◆ **Task goal**
Return each of the entries below precisely as it appears.

Dataset content below:

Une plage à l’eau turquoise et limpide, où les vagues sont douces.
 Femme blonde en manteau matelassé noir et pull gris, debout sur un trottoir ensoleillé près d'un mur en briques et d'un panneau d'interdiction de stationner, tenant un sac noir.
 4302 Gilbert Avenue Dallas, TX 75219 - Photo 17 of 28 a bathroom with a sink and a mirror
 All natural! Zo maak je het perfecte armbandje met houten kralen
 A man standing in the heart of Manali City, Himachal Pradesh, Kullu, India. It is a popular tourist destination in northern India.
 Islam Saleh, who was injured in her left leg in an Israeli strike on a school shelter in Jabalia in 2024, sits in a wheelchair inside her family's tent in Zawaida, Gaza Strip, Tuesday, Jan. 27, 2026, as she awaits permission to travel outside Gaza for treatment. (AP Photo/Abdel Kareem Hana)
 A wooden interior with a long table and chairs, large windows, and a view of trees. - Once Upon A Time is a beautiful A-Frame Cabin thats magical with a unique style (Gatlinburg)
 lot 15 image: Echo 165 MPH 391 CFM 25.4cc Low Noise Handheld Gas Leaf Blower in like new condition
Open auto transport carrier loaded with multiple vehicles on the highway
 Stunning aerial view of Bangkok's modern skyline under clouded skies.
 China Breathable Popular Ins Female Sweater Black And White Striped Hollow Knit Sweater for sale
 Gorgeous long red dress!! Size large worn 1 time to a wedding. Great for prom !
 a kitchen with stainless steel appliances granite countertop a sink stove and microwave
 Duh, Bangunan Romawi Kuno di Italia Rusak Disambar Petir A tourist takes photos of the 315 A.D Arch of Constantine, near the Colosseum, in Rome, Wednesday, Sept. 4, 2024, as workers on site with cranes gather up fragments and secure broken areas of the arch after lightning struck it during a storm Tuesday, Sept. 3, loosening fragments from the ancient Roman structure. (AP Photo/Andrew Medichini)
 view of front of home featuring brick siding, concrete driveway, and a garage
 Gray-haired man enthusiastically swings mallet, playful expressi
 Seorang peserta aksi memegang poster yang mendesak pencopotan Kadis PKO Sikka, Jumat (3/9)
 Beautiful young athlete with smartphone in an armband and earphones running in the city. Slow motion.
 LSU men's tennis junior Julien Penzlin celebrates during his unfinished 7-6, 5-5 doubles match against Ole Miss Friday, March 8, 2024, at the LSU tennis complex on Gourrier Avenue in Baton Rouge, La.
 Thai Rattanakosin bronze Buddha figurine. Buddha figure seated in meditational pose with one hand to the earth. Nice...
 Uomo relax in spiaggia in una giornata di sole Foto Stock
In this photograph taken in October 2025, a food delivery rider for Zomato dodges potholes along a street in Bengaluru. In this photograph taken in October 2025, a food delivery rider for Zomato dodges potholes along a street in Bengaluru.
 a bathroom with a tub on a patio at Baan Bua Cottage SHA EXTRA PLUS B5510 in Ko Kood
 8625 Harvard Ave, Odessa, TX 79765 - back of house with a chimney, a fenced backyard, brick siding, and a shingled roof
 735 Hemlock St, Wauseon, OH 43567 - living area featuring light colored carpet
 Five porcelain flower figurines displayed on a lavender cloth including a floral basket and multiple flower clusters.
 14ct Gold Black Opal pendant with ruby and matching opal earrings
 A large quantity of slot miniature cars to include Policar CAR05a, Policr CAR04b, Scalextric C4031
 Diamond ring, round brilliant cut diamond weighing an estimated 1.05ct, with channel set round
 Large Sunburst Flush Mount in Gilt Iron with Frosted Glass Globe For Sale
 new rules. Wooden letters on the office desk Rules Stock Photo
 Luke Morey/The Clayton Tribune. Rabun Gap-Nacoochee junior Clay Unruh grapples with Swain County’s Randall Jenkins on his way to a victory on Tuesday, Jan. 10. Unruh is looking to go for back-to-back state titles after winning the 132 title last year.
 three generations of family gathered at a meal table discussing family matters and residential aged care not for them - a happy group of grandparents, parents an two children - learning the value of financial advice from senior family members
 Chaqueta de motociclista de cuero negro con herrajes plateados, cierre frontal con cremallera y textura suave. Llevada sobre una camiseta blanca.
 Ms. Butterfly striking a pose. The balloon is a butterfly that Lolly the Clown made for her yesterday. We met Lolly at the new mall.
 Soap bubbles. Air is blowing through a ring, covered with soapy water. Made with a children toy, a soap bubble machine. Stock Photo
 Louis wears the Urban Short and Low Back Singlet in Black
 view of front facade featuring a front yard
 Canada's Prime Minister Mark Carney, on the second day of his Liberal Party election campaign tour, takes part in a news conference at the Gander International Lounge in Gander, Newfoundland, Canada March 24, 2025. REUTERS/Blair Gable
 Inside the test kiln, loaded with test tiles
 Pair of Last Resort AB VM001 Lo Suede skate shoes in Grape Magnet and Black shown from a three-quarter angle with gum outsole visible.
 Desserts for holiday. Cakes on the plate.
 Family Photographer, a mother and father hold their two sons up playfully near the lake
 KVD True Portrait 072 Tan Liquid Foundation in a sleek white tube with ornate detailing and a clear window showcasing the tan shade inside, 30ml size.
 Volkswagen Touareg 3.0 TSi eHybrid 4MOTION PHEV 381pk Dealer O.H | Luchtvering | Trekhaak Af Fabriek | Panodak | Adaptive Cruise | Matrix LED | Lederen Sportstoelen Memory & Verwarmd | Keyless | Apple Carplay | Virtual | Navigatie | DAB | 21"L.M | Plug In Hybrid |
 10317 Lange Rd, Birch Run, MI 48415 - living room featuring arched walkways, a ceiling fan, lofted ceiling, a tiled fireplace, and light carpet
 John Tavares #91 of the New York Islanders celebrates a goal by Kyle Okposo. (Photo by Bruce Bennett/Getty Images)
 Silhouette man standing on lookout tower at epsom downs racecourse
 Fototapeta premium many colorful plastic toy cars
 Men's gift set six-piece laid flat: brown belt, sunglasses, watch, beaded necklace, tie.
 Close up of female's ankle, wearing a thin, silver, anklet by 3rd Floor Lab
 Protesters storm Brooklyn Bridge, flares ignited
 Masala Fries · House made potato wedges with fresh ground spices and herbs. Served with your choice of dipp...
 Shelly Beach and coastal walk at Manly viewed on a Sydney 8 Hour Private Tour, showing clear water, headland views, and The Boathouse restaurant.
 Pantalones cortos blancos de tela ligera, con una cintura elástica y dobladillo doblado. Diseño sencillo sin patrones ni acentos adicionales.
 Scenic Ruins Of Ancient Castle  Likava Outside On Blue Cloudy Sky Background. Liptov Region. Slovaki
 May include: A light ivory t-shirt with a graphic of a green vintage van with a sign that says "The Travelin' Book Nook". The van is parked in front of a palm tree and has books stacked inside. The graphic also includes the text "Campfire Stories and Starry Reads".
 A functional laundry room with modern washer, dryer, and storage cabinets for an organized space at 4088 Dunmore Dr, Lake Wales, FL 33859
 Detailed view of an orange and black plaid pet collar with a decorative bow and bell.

End of Dataset content.

◆ **Response**
Une plage à l’eau turquoise et limpide, où les vagues sont douces.
 Femme blonde en manteau matelassé noir et pull gris, debout sur un trottoir ensoleillé près d'un mur en briques et d'un panneau d'interdiction de stationner, tenant un sac noir.
 4302 Gilbert Avenue Dallas, TX 75219 - Photo 17 of 28 a bathroom with a sink and a mirror
 All natural! Zo maak je het perfecte armbandje met houten kralen
 A man standing in the heart of Manali City, Himachal Pradesh, Kullu, India. It is a popular tourist destination in northern India.
 Islam Saleh, who was injured in her left leg in an Israeli strike on a school shelter in Jabalia in 2024, sits in a wheelchair inside her family's tent in Zawaida, Gaza Strip, Tuesday, Jan. 27, 2026, as she awaits permission to travel outside Gaza for treatment. (AP Photo/Abdel Kareem Hana)
 A wooden interior with a long table and chairs, large windows, and a view of trees. - Once Upon A Time is a beautiful A-Frame Cabin thats magical with a unique style (Gatlinburg)
 lot 15 image: Echo 165 MPH 391 CFM 25.4cc Low Noise Handheld Gas Leaf Blower in like new condition
Open auto transport carrier loaded with multiple vehicles on the highway
 Stunning aerial view of Bangkok's modern skyline under clouded skies.
 China Breathable Popular Ins Female Sweater Black And White Striped Hollow Knit Sweater for sale
 Gorgeous long red dress!! Size large worn 1 time to a wedding. Great for prom !
 a kitchen with stainless steel appliances granite countertop a sink stove and microwave
 Duh, Bangunan Romawi Kuno di Italia Rusak Disambar Petir A tourist takes photos of the 315 A.D Arch of Constantine, near the Colosseum, in Rome, Wednesday, Sept. 4, 2024, as workers on site with cranes gather up fragments and secure broken areas of the arch after lightning struck it during a storm Tuesday, Sept. 3, loosening fragments from the ancient Roman structure. (AP Photo/Andrew Medichini)
 view of front of home featuring brick siding, concrete driveway, and a garage
 Gray-haired man enthusiastically swings mallet, playful expressi
 Seorang peserta aksi memegang poster yang mendesak pencopotan Kadis PKO Sikka, Jumat (3/9)
 Beautiful young athlete with smartphone in an armband and earphones running in the city. Slow motion.
 LSU men's tennis junior Julien Penzlin celebrates during his unfinished 7-6, 5-5 doubles match against Ole Miss Friday, March 8, 2024, at the LSU tennis complex on Gourrier Avenue in Baton Rouge, La.
 Thai Rattanakosin bronze Buddha figurine. Buddha figure seated in meditational pose with one hand to the earth. Nice...
 Uomo relax in spiaggia in una giornata di sole Foto Stock
In this photograph taken in October 2025, a food delivery rider for Zomato dodges potholes along a street in Bengaluru. In this photograph taken in October 2025, a food delivery rider for Zomato dodges potholes along a street in Bengaluru.
 a bathroom with a tub on a patio at Baan Bua Cottage SHA EXTRA PLUS B5510 in Ko Kood
 8625 Harvard Ave, Odessa, TX 79765 - back of house with a chimney, a fenced backyard, brick siding, and a shingled roof
 735 Hemlock St, Wauseon, OH 43567 - living area featuring light colored carpet
 Five porcelain flower figurines displayed on a lavender cloth including a floral basket and multiple flower clusters.
 14ct Gold Black Opal pendant with ruby and matching opal earrings
 A large quantity of slot miniature cars to include Policar CAR05a, Policr CAR04b, Scalextric C4031
 Diamond ring, round brilliant cut diamond weighing an estimated 1.05ct, with channel set round
 Large Sunburst Flush Mount in Gilt Iron with Frosted Glass Globe For Sale
 new rules. Wooden letters on the office desk Rules Stock Photo
 Luke Morey/The Clayton Tribune. Rabun Gap-Nacoochee junior Clay Unruh grapples with Swain County’s Randall Jenkins on his way to a victory on Tuesday, Jan. 10. Unruh is looking to go for back-to-back state titles after winning the 132 title last year.
 three generations of family gathered at a meal table discussing family matters and residential aged care not for them - a happy group of grandparents, parents an two children - learning the value of financial advice from senior family members
 Chaqueta de motociclista de cuero negro con herrajes plateados, cierre frontal con cremallera y textura suave. Llevada sobre una camiseta blanca.
 Ms. Butterfly striking a pose. The balloon is a butterfly that Lolly the Clown made for her yesterday. We met Lolly at the new mall.
 Soap bubbles. Air is blowing through a ring, covered with soapy water. Made with a children toy, a soap bubble machine. Stock Photo
 Louis wears the Urban Short and Low Back Singlet in Black
 view of front facade featuring a front yard
 Canada's Prime Minister Mark Carney, on the second day of his Liberal Party election campaign tour, takes part in a news conference at the Gander International Lounge in Gander, Newfoundland, Canada March 24, 2025. REUTERS/Blair Gable
 Inside the test kiln, loaded with test tiles
 Pair of Last Resort AB VM001 Lo Suede skate shoes in Grape Magnet and Black shown from a three-quarter angle with gum outsole visible.
 Desserts for holiday. Cakes on the plate.
 Family Photographer, a mother and father hold their two sons up playfully near the lake
 KVD True Portrait 072 Tan Liquid Foundation in a sleek white tube with ornate detailing and a clear window showcasing the tan shade inside, 30ml size.
 Volkswagen Touareg 3.0 TSi eHybrid 4MOTION PHEV 381pk Dealer O.H | Luchtvering | Trekhaak Af Fabriek | Panodak | Adaptive Cruise | Matrix LED | Lederen Sportstoelen Memory & Verwarmd | Keyless | Apple Carplay | Virtual | Navigatie | DAB | 21"L.M | Plug In Hybrid |
 10317 Lange Rd, Birch Run, MI 48415 - living room featuring arched walkways, a ceiling fan, lofted ceiling, a tiled fireplace, and light carpet
 John Tavares #91 of the New York Islanders celebrates a goal by Kyle Okposo. (Photo by Bruce Bennett/Getty Images)
 Silhouette man standing on lookout tower at epsom downs racecourse
 Fototapeta premium many colorful plastic toy cars
 Men's gift set six-piece laid flat: brown belt, sunglasses, watch, beaded necklace, tie.
 Close up of female's ankle, wearing a thin, silver, anklet by 3rd Floor Lab
 Protesters storm Brooklyn Bridge, flares ignited
 Masala Fries · House made potato wedges with fresh ground spices and herbs. Served with your choice of dipp...
 Shelly Beach and coastal walk at Manly viewed on a Sydney 8 Hour Private Tour, showing clear water, headland views, and The Boathouse restaurant.
 Pantalones cortos blancos de tela ligera, con una cintura elástica y dobladillo doblado. Diseño sencillo sin patrones ni acentos adicionales.
 Scenic Ruins Of Ancient Castle  Likava Outside On Blue Cloudy Sky Background. Liptov Region. Slovaki
 May include: A light ivory t-shirt with a graphic of a green vintage van with a sign that says "The Travelin' Book Nook". The van is parked in front of a palm tree and has books stacked inside. The graphic also includes the text "Campfire Stories and Starry Reads".
 A functional laundry room with modern washer, dryer, and storage cabinets for an organized space at 4088 Dunmore Dr, Lake Wales, FL 33859
 Detailed view of an orange and black plaid pet collar with a decorative bow and bell.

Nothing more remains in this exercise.